Problem to solve. For each entry below, please return its exact wording and leave out any picture.

Crawled caption data.
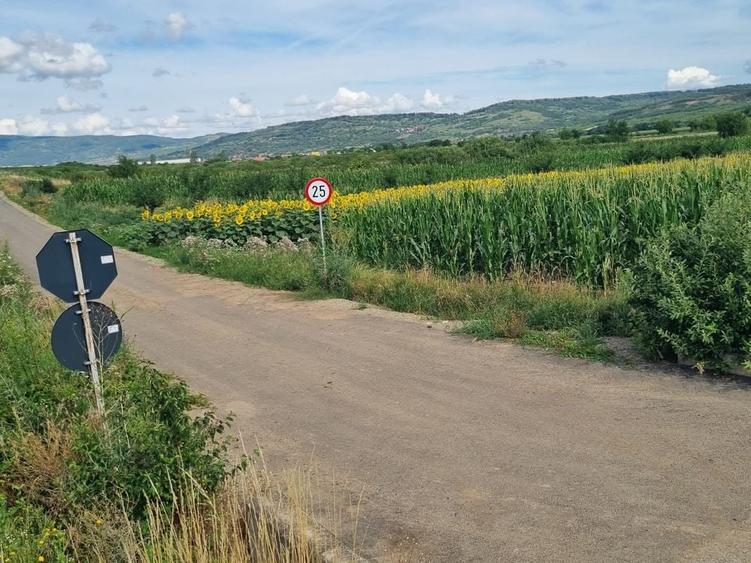 Spațiu comercial, în Pericei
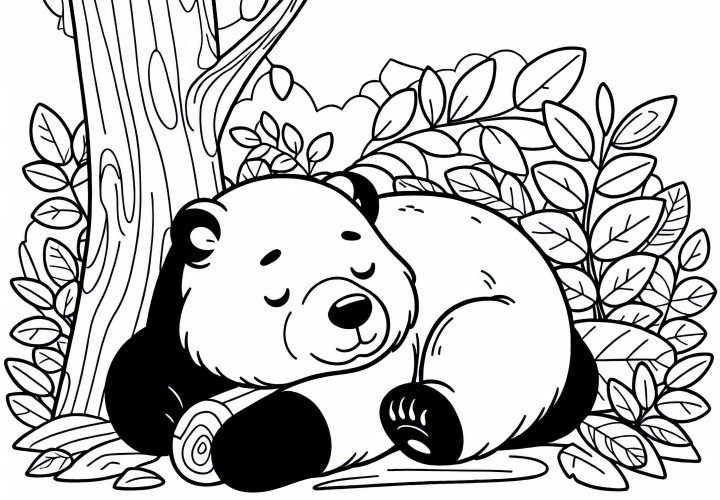 Beruang kacamata tidur – Template mewarnai sederhana gratis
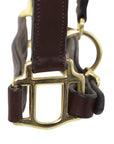 Close-up of a brass horse bridle bit with brown leather straps on a white background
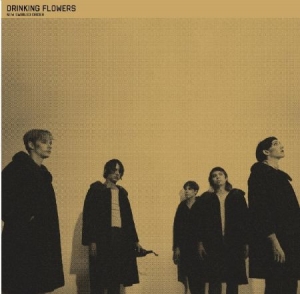 Drinking Flowers - New Swirled Order i gruppen CD / Pop hos Bengans Skivbutik AB (2042465)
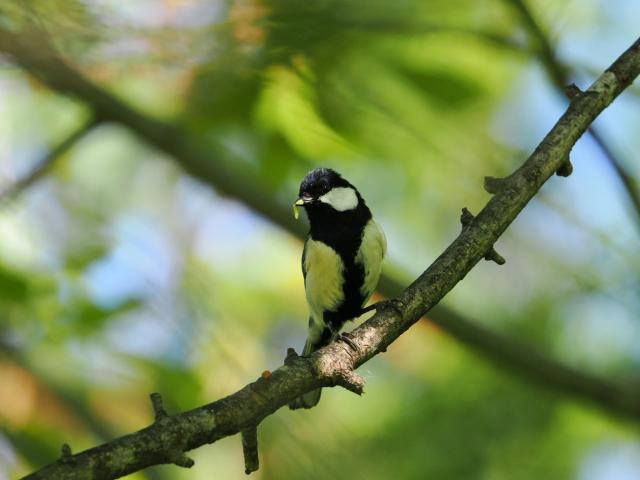 新品)OM SYSTEM（オーエムシステム） M.ZUIKO DIGITAL ED 150-600mm F5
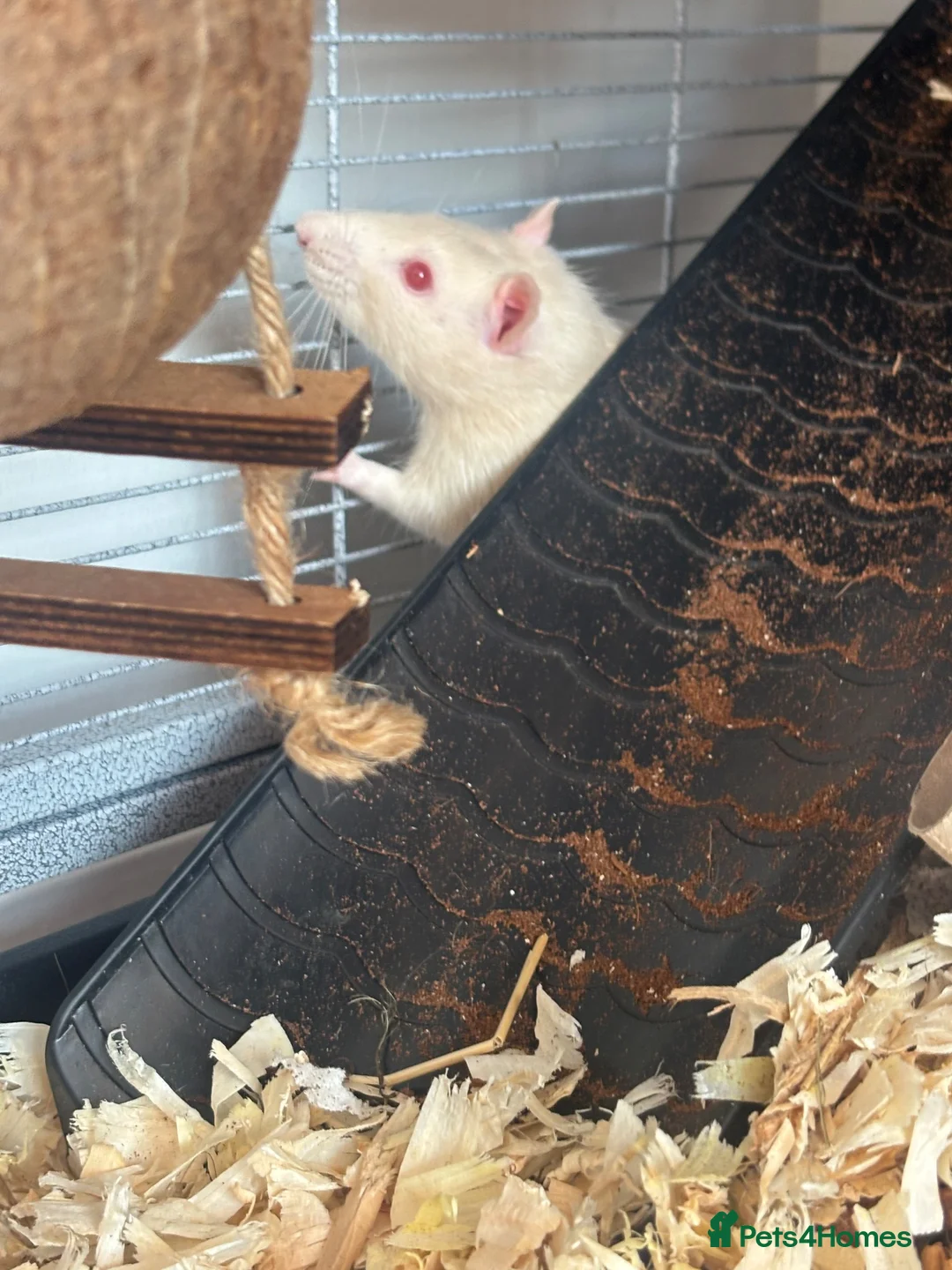 Rat rodents for sale: 2 Beautiful Boy Rats in Bristol - Advert 2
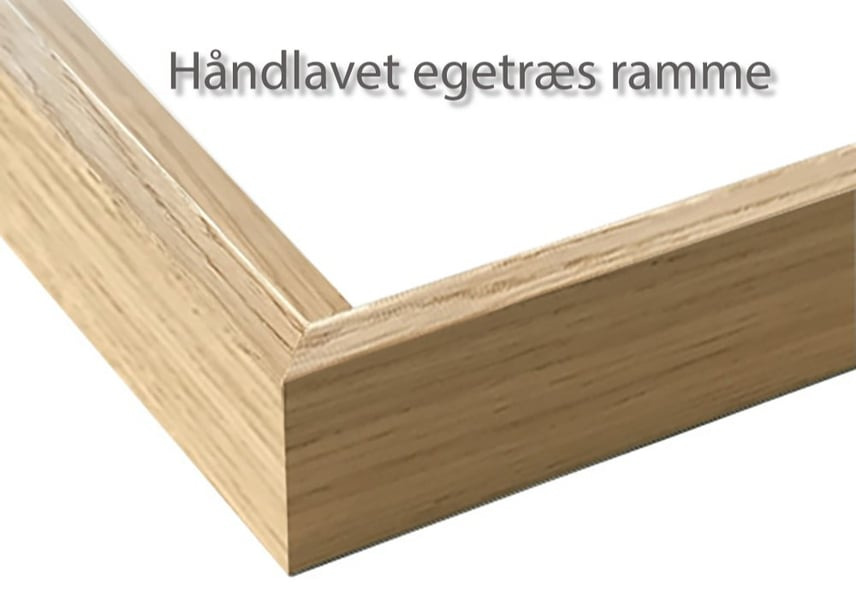 Dansk sommer, når den er smukkest – Møns Klint fra søsiden billede 6
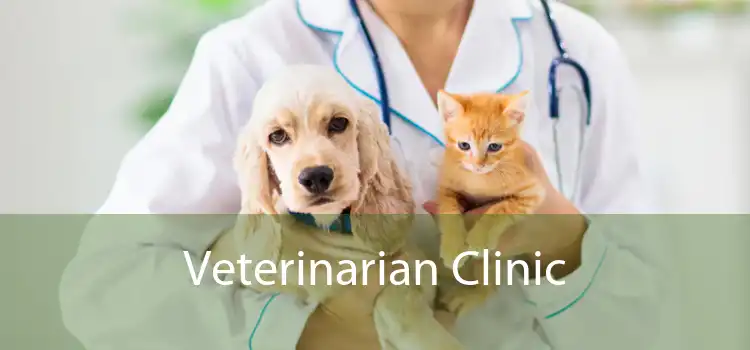 Veterinarian Clinic  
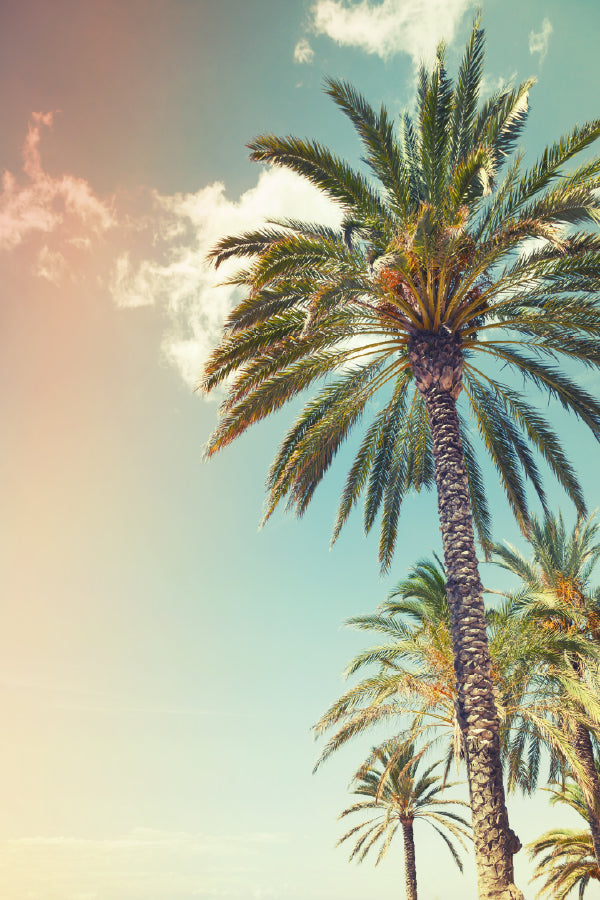 Palm Trees Over Cloudy Sky View Photograph Print 100% Australian Made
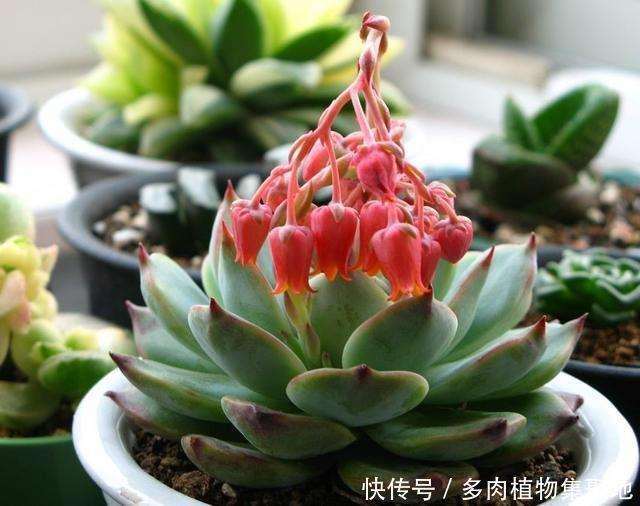 多肉用过的土 大家怎么处理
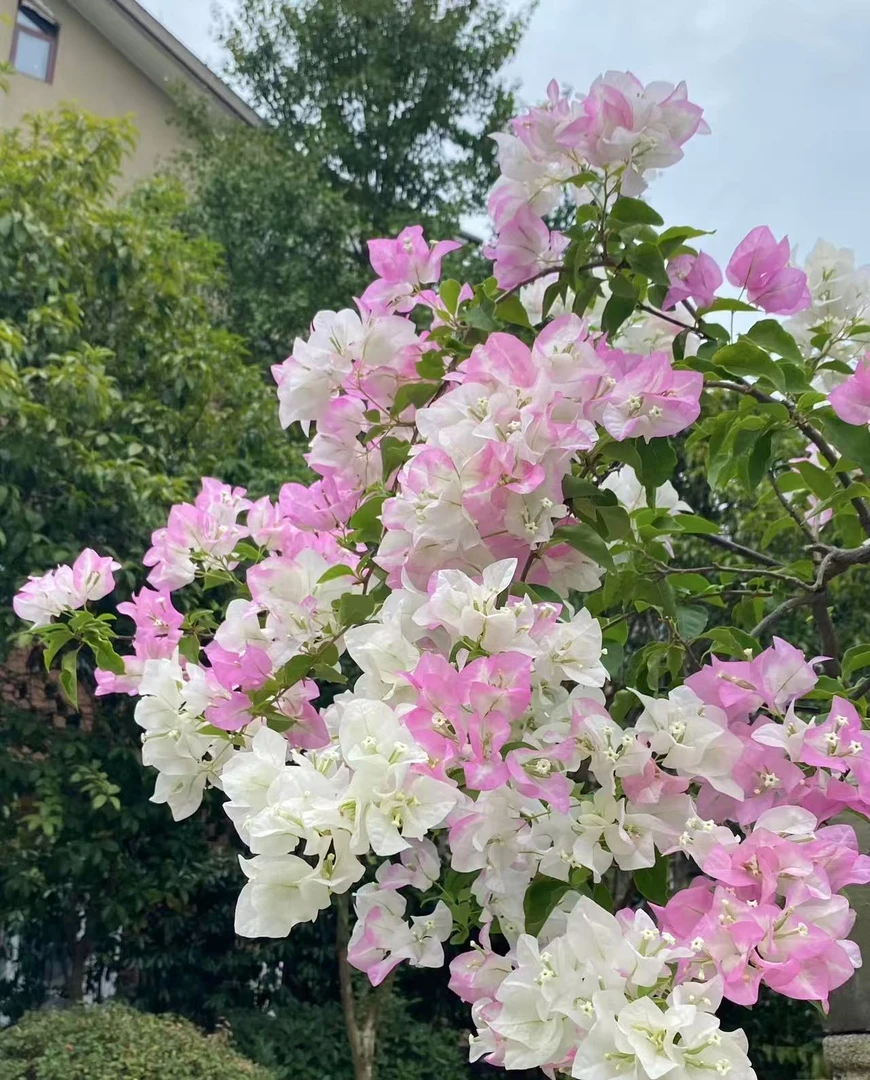 【口红】三角梅四季开花盆栽花卉原生桩好养 易活阳台庭院可爬藤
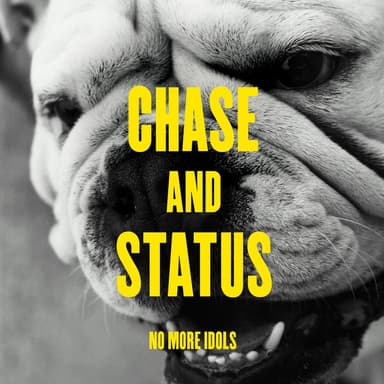 No More Idols cover art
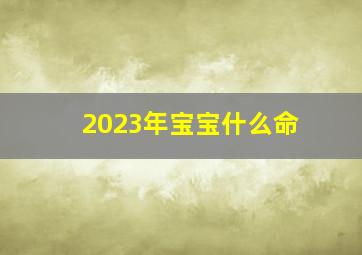 2023年宝宝什么命,2023年是什么命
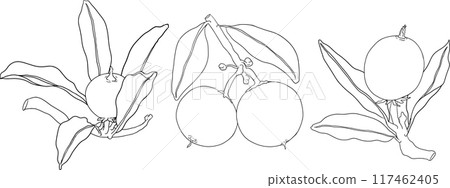 Chiku elements. Sapodilla naseberry pouteria line fruits. 117462405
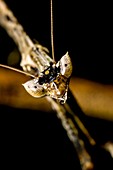 Stick mantis,Borneo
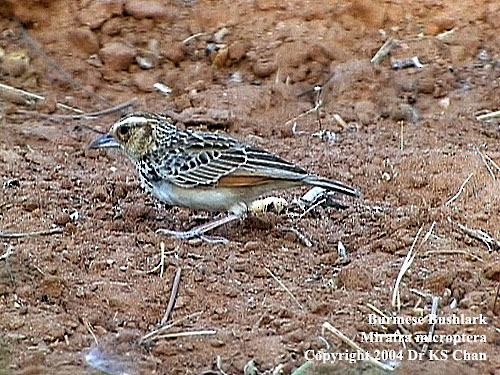 Burmese Bushlark - ML728380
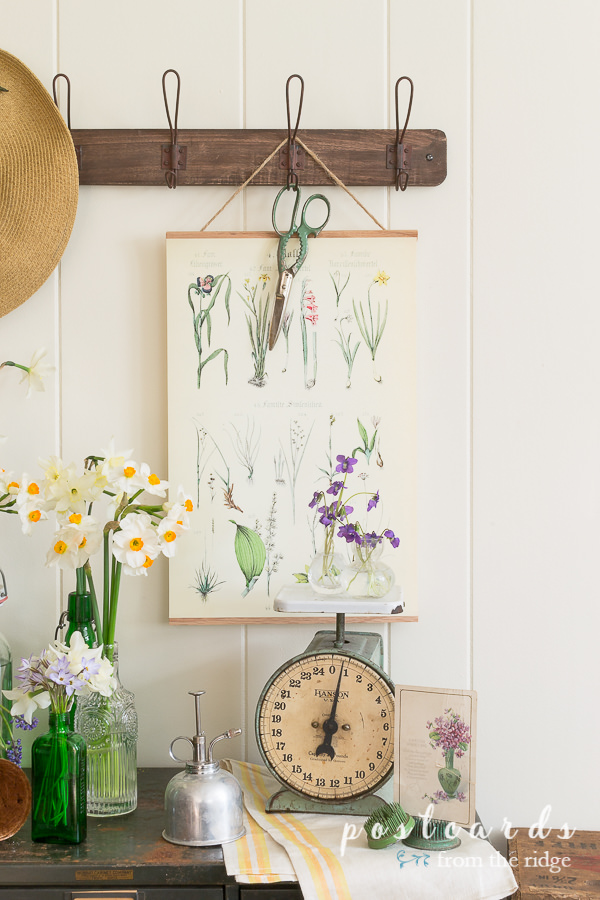 Garden-inspired decor. Love all of these easy ways to add some garden-inspired decor to your home! #homedecor #gardendecor #cottagedecor #vintagedecor vintage botanical collage art and metal scales as garden decor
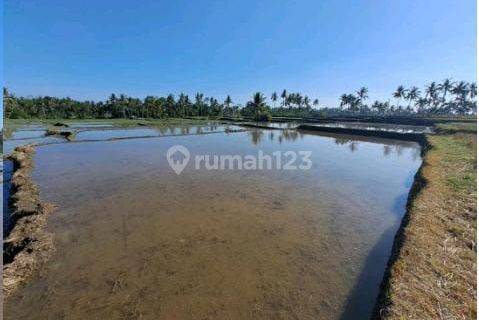 TANAH SAWAH SUPER MURAH DI UBUD AREA COCOK INVESTASI 1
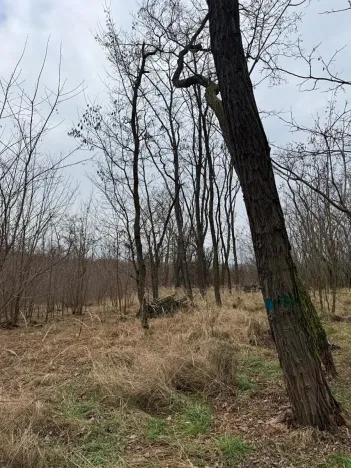 Prodej podílu lesa, Lesonice, 6189 m2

Response to this task.
 Spațiu comercial, în Pericei
 Beruang kacamata tidur – Template mewarnai sederhana gratis
 Close-up of a brass horse bridle bit with brown leather straps on a white background
 Drinking Flowers - New Swirled Order i gruppen CD / Pop hos Bengans Skivbutik AB (2042465)
 新品)OM SYSTEM（オーエムシステム） M.ZUIKO DIGITAL ED 150-600mm F5
 Rat rodents for sale: 2 Beautiful Boy Rats in Bristol - Advert 2
 Dansk sommer, når den er smukkest – Møns Klint fra søsiden billede 6
 Veterinarian Clinic  
 Palm Trees Over Cloudy Sky View Photograph Print 100% Australian Made
 多肉用过的土 大家怎么处理
 【口红】三角梅四季开花盆栽花卉原生桩好养 易活阳台庭院可爬藤
 No More Idols cover art
 2023年宝宝什么命,2023年是什么命
 Chiku elements. Sapodilla naseberry pouteria line fruits. 117462405
 Stick mantis,Borneo
 Burmese Bushlark - ML728380
 Garden-inspired decor. Love all of these easy ways to add some garden-inspired decor to your home! #homedecor #gardendecor #cottagedecor #vintagedecor vintage botanical collage art and metal scales as garden decor
 TANAH SAWAH SUPER MURAH DI UBUD AREA COCOK INVESTASI 1
 Prodej podílu lesa, Lesonice, 6189 m2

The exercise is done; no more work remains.